Closely related to the cropping problem, is the compositional decision when the photo is taken. We have learned the hard way that its good to leave room around the edges of the frame – one never knows how much space will be needed after cropping to a specific size.
We will not spend much time on cropping, except to restate our premise that cropping is something you should NOT do until you are ready to print or display your image. Secondly, you will find it advantageous to crop in a STANDARD ratio if you expect to frame or mount your images.
In Lightroom, the crop tool is found just to the left of the Spot Healing tool (see below). In both Lightroom and Photoshop the crop tool is overloaded. It can crop, rotate and straighten (and in Photoshop the crop tool also resizes!). Perhaps the best advice we have is to use a pre-set Aspect ratio. You can also add your own ratio(s).
Our next bit of advice with respect to cropping: in Photoshop we do not recommend cropping and resizing as one operation. Crop using a “ratio” and only later should you resize, that is, keep as much of the image intact as possible for as long as possible.
Our last bit of advice on cropping: if you DO crop an image in Photoshop, when you save it, include the image pixel dimensions. Nothing is quite as frustrating as saving a cropped image and destroying the original! Our practice is to always save cropped images in a subfolder named “Exported”.
We could conduct a diatribe about “DPI” and “PPI” and explain why those are pretty useless things in most contexts, but we will not!
Healing Out Dust Spots, Hot Spots and Unwanted Things
Perhaps one of the easiest tools to use in Lightroom (and Photoshop) is the Clone/Healing tool. Unfortunately, you need Lightroom 5 to get the features shown here.

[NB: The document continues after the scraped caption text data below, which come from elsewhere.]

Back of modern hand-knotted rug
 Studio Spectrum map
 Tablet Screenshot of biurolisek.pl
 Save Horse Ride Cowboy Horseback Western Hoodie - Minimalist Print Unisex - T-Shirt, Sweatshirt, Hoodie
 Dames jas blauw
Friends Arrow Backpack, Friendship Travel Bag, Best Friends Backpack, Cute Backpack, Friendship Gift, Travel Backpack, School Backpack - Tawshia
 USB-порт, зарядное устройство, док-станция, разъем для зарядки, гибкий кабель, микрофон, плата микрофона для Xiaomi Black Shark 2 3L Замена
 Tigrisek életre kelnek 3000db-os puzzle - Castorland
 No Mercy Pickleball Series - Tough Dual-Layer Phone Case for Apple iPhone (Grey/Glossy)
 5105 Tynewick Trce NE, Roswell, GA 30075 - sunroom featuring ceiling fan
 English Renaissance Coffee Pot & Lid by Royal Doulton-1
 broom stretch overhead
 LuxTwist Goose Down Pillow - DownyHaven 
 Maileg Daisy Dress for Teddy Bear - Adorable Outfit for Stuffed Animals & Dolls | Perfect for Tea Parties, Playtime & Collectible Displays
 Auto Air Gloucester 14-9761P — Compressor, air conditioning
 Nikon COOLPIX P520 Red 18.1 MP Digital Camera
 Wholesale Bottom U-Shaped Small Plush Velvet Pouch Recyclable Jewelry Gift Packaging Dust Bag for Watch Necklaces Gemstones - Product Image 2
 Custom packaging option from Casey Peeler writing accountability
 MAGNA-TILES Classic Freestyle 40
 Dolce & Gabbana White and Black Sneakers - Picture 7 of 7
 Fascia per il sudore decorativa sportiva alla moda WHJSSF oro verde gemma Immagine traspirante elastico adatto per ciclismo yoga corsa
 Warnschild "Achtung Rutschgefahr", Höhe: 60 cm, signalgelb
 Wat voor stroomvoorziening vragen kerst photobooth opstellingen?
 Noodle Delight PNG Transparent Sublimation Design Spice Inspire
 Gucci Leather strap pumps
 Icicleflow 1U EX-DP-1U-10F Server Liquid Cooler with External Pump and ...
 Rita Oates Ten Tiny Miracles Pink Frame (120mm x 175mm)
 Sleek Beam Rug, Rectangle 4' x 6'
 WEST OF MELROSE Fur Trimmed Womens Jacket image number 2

The “Spot Removal Tool” in Lightroom can Clone or Heal
Most of the time you will want to HEAL rather than clone. Clone, as it sounds makes a copy of the source over the destination. To heal or clone you click the spot healing tool, adjust the size and then click the area of the image with the problem. Lightroom will select what it thinks is a similar area from somewhere else in the photo. You can drag the “similar area” selection somewhere else if the selected area does not make sense (such as picking a fence to replace a grassy spot). Generally it is best to make the brush only as large as needed. If a line is to be healed out clicking and dragging often works.
After dragging along the unwanted satellite trail in the photo above, Lightroom finds a matching area of the sky. In this case the area Lightroom chose will duplicate stars, so we drag the handle of the chosen area to a blank sky. Note that the blob at the upper left indicates the area used to heal the area at the end of the white arrow.

Heal a segment, Lightroom

After dragging the source area click Done to complete the healing
And when done, click “Done”. If the healing looks bad, you can delete and try again. Healing out spots in Lightroom is a little more tedious than doing so in Photoshop in part because having overlapping healing areas is difficult in Lightroom. (The only way to overlap healing/spot correct areas in Lightroom is to create a new spot and drag the source and destinations so they overlap a previous heal. In Photoshop, we strongly recommend creating a separate layer to do healing on – but wait until near the end of your processing to do so! The easiest way to create the layer to heal on is with the magic key sequence Control-Alt-Shift-E (Command-Option-Shift-E on the Mac). That key sequence effectively does a “merge visible layers” but creates a new layer as a result. If there is only one layer use Control-J (Command-J) instead.
Healing In Photoshop

Photoshop Spot Healing Tool
There are MANY tools for “healing” in Photoshop. There are also two flavors of the “Clone” stamp tool found under a separate palette. To choose the spot healing tool, click J (Shift-j) until it looks like a bandage with a dotted selection behind it. You can also right-click the tool and select as shown above. If you use the OTHER version of the bandage (healing tool) you must first select the area to use as the source using alt-click (Option-click on a Mac). In our experience it is seldom necessary to select the source so that extra step is wasted effort. To heal in a straight line in Photoshop, click the first location then hold down the shift key and click the second region. The shift-key trick works for most Photoshop operations like brush strokes, too. The shift trick does not work in Lightroom 5.2
There are some settings for the healing tool so if things get weird, double-check the tool bar at the top – make sure it is Normal mode.

Photoshop (CC) Spot Healing Tool Settings
As a final step we regularly “heal” out hot pixels from our final night image. The Photoshop spot healing tool is very easy to use even if there are a hundred spots to fix. While it might be tempting to rely on noise reduction to solve the hot pixel problem, significant blurring occurs.
If you have a particularly difficult healing problem there are yet more advanced techniques, for example you can use the Clone or the Patch tool. Generally you will use the healing tool when you want to make the area being fixed look like the rest of the image and you will use the clone tool when you need to duplicate a texture or remove a larger hindrance. For example I found it was easier to clone out the glowing orange highway safety cone that someone (or something) had cast into the brush just above where my name is in the image below.
If there is interest we can cover how we handled a severely over exposed area in this image by using the patch healing tool.

The area at the left was over exposed so I used the boulder in the right hand third to fix it. This is “rough”
Looking for the prior two articles? Check Part 1 and Part 2.
Definitely interested in the patch healing tips. If you can cover LR in addition to PS, that would be great.
Thanks for your feedback. To be clear, there is no patch healing in Lightroom. In fact, the LR people will say otherwise, but there really is no content aware fill in Lightroom either. What LR does is find the “best match” – if it can. Photoshop allows much more significant options, like rotating patch content. In short, over what has already been said above, we do not see much power in Lightroom for patching.